[Start of Attachment]

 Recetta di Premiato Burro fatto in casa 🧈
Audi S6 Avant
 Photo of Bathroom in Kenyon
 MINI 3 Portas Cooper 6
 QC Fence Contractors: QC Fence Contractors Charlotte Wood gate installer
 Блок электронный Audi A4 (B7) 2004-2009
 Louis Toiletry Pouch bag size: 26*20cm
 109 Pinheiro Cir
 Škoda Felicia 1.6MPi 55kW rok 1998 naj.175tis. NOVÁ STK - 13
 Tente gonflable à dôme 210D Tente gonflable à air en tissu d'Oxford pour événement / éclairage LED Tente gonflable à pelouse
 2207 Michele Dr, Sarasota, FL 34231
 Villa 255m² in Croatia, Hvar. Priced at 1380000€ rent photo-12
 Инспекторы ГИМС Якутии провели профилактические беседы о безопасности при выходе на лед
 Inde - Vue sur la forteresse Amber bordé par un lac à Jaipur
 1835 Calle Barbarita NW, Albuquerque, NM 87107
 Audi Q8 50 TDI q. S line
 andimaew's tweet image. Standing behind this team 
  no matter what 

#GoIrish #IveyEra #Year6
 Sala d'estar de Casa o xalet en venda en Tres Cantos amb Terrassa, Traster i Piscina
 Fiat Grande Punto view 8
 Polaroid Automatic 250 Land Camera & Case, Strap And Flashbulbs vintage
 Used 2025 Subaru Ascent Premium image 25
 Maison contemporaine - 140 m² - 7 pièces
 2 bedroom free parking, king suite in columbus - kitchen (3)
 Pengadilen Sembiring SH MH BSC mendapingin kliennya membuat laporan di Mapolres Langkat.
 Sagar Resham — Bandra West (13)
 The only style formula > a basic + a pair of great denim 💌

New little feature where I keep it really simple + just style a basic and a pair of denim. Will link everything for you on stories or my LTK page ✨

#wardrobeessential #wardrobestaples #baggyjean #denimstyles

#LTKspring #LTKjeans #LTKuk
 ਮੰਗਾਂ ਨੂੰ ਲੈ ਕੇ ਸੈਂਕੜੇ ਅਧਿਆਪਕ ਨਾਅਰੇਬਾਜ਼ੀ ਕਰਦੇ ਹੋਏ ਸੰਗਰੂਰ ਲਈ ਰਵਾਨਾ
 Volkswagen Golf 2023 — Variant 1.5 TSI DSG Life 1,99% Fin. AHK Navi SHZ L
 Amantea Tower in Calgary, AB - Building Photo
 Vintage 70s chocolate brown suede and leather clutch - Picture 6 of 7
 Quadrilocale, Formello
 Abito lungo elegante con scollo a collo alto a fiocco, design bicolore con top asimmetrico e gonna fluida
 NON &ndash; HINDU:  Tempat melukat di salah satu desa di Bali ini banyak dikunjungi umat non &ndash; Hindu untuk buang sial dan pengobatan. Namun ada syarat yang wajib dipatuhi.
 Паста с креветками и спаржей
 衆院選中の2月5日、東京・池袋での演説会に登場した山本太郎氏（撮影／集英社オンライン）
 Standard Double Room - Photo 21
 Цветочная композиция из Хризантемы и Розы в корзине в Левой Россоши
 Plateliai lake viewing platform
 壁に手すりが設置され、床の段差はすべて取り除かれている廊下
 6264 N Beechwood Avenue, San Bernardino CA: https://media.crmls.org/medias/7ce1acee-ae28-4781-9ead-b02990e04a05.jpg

[End of Attachment]

The listing must be repeated in full, with nothing altered.

### Task result
 Recetta di Premiato Burro fatto in casa 🧈
Audi S6 Avant
 Photo of Bathroom in Kenyon
 MINI 3 Portas Cooper 6
 QC Fence Contractors: QC Fence Contractors Charlotte Wood gate installer
 Блок электронный Audi A4 (B7) 2004-2009
 Louis Toiletry Pouch bag size: 26*20cm
 109 Pinheiro Cir
 Škoda Felicia 1.6MPi 55kW rok 1998 naj.175tis. NOVÁ STK - 13
 Tente gonflable à dôme 210D Tente gonflable à air en tissu d'Oxford pour événement / éclairage LED Tente gonflable à pelouse
 2207 Michele Dr, Sarasota, FL 34231
 Villa 255m² in Croatia, Hvar. Priced at 1380000€ rent photo-12
 Инспекторы ГИМС Якутии провели профилактические беседы о безопасности при выходе на лед
 Inde - Vue sur la forteresse Amber bordé par un lac à Jaipur
 1835 Calle Barbarita NW, Albuquerque, NM 87107
 Audi Q8 50 TDI q. S line
 andimaew's tweet image. Standing behind this team 
  no matter what 

#GoIrish #IveyEra #Year6
 Sala d'estar de Casa o xalet en venda en Tres Cantos amb Terrassa, Traster i Piscina
 Fiat Grande Punto view 8
 Polaroid Automatic 250 Land Camera & Case, Strap And Flashbulbs vintage
 Used 2025 Subaru Ascent Premium image 25
 Maison contemporaine - 140 m² - 7 pièces
 2 bedroom free parking, king suite in columbus - kitchen (3)
 Pengadilen Sembiring SH MH BSC mendapingin kliennya membuat laporan di Mapolres Langkat.
 Sagar Resham — Bandra West (13)
 The only style formula > a basic + a pair of great denim 💌

New little feature where I keep it really simple + just style a basic and a pair of denim. Will link everything for you on stories or my LTK page ✨

#wardrobeessential #wardrobestaples #baggyjean #denimstyles

#LTKspring #LTKjeans #LTKuk
 ਮੰਗਾਂ ਨੂੰ ਲੈ ਕੇ ਸੈਂਕੜੇ ਅਧਿਆਪਕ ਨਾਅਰੇਬਾਜ਼ੀ ਕਰਦੇ ਹੋਏ ਸੰਗਰੂਰ ਲਈ ਰਵਾਨਾ
 Volkswagen Golf 2023 — Variant 1.5 TSI DSG Life 1,99% Fin. AHK Navi SHZ L
 Amantea Tower in Calgary, AB - Building Photo
 Vintage 70s chocolate brown suede and leather clutch - Picture 6 of 7
 Quadrilocale, Formello
 Abito lungo elegante con scollo a collo alto a fiocco, design bicolore con top asimmetrico e gonna fluida
 NON &ndash; HINDU:  Tempat melukat di salah satu desa di Bali ini banyak dikunjungi umat non &ndash; Hindu untuk buang sial dan pengobatan. Namun ada syarat yang wajib dipatuhi.
 Паста с креветками и спаржей
 衆院選中の2月5日、東京・池袋での演説会に登場した山本太郎氏（撮影／集英社オンライン）
 Standard Double Room - Photo 21
 Цветочная композиция из Хризантемы и Розы в корзине в Левой Россоши
 Plateliai lake viewing platform
 壁に手すりが設置され、床の段差はすべて取り除かれている廊下
 6264 N Beechwood Avenue, San Bernardino CA: https://media.crmls.org/medias/7ce1acee-ae28-4781-9ead-b02990e04a05.jpg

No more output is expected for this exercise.